Maka saya kira kita perlu membangun suatu cara pandang baru terhadap realitas Indonesia, justru untuk melihat secara obyektif namun kritis proporsional dengan ukuran-ukuran yang masuk akal dan menyusun jawaban atas tantangan-tantangan yang membumi. Bahwa kita tidak bisa mengisolasi diri dan eksklusif itu benar tetapi perspektif yang adil diperlukan untuk memperkuat jawaban-jawaban yang kontekstual.

Agama dalam Pengalaman Sejarah Nusantara

Jelas bahwa konsep Moderasi Beragama menempatkan agama sebagai suatu yang penting untuk tidak dikatakan sebagai inti (core) dalam kehidupan sosial politik atau bermasyarakat dan bernegara. Realitas ini bukan penyimpangan melainkan historis dalam kehidupan masyarakat Indonesia sejak jauh sebelum Indonesia itu sendiri ada. Saya kira ini berbeda dengan pengalaman dan cara berpikir Barat yang sekularistik sejauh ini sehingga akan sulit untuk tidak dikatakan sia-sia jika kita hendak mengidealkan Indonesia sama seperti ideal di Barat. Dan Barat sendiri kini sedang dilanda rasisme dan menguatnya gerakan far rigth-wing yang kian membahayakan yang tidak bisa dipisahkan dari realitas sekularisme itu sendiri.
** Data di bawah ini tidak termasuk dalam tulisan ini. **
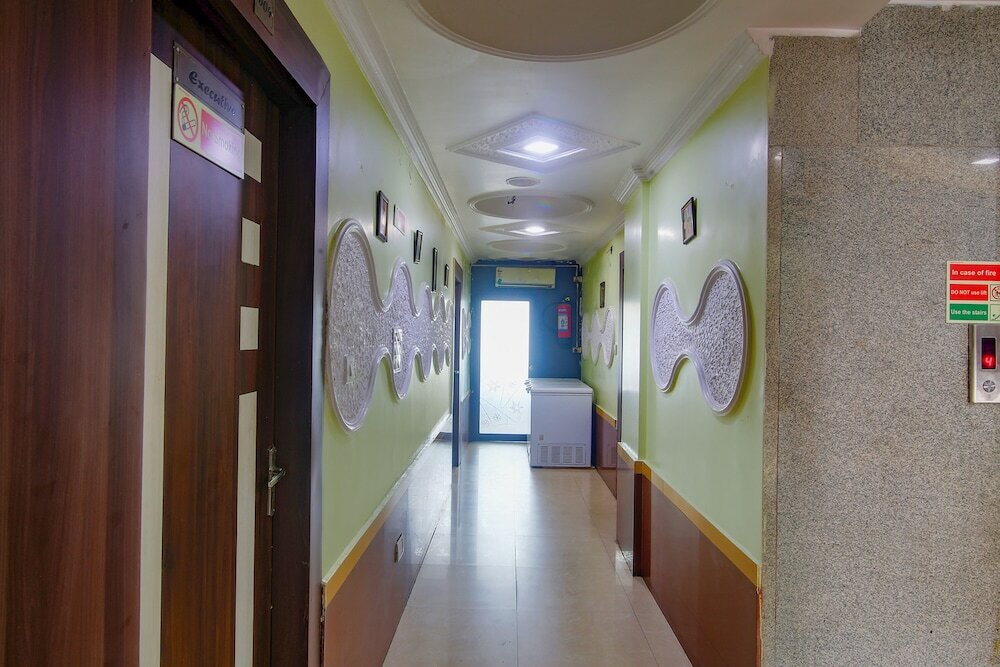 Фото Fabexpress Superior Nesh Inn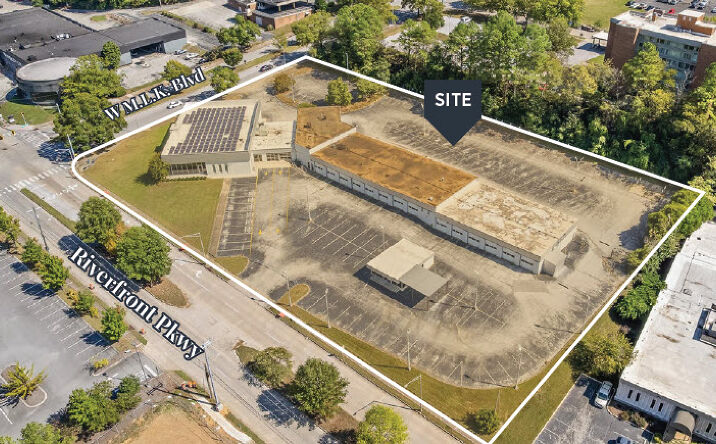 Pictures of Land, Multifamily, Retail property located at 900 Riverfront Pkwy, Chattanooga, TN 37402 for sales - image #1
Masalahnya, bagaimana kita melakukan apresiasi dan kritik terhadap konsep Moderasi Beragama ini tanpa harus terjebak pada perspektif sekularisme yang tidak lagi relevan.

Bhinneka Tunggal Ika (BTI) sejauh yang saya tahu bermula dari konsep pencarian antar agama untuk menuntun masyarakat –juga konsep kekuasaan dalam kerajaan atau keraton– pada kehidupan harmoni di masa  Majapahit, yaitu bagaimana menyatukan Hindu-Budha pada saat itu sehingga tidak terjadi konflik dalam perubahan dan peralihan kekuasaan dari Budha ke Hindu dan sebaliknya. Dari sinilah julukan era Hindu-Budha, era sebelum Islam di Jawa dan bukan disebut era Hindu dan era Budha secara terpisah, itu terbentuk. Inti dari proses itu adalah menyatukan dua agama dalam “teologi” atau spiritual demi kehidupan masyarakat yang harmoni, yaitu menyatunya inti agama Hindu dan Buddha, antara Shiwa dan Budha dalam kalimat Ricklefs sebagai:  “One yet not one, two yet not two, different yet the same.” (Ricklefs, 1992: 664). Dan, dalam sebuah riset yang menarik mutakhir, julukan itu ternyata hingga sekarang masih dihayati oleh pemeluk kedua agama tersebut (Aghababian, 2015).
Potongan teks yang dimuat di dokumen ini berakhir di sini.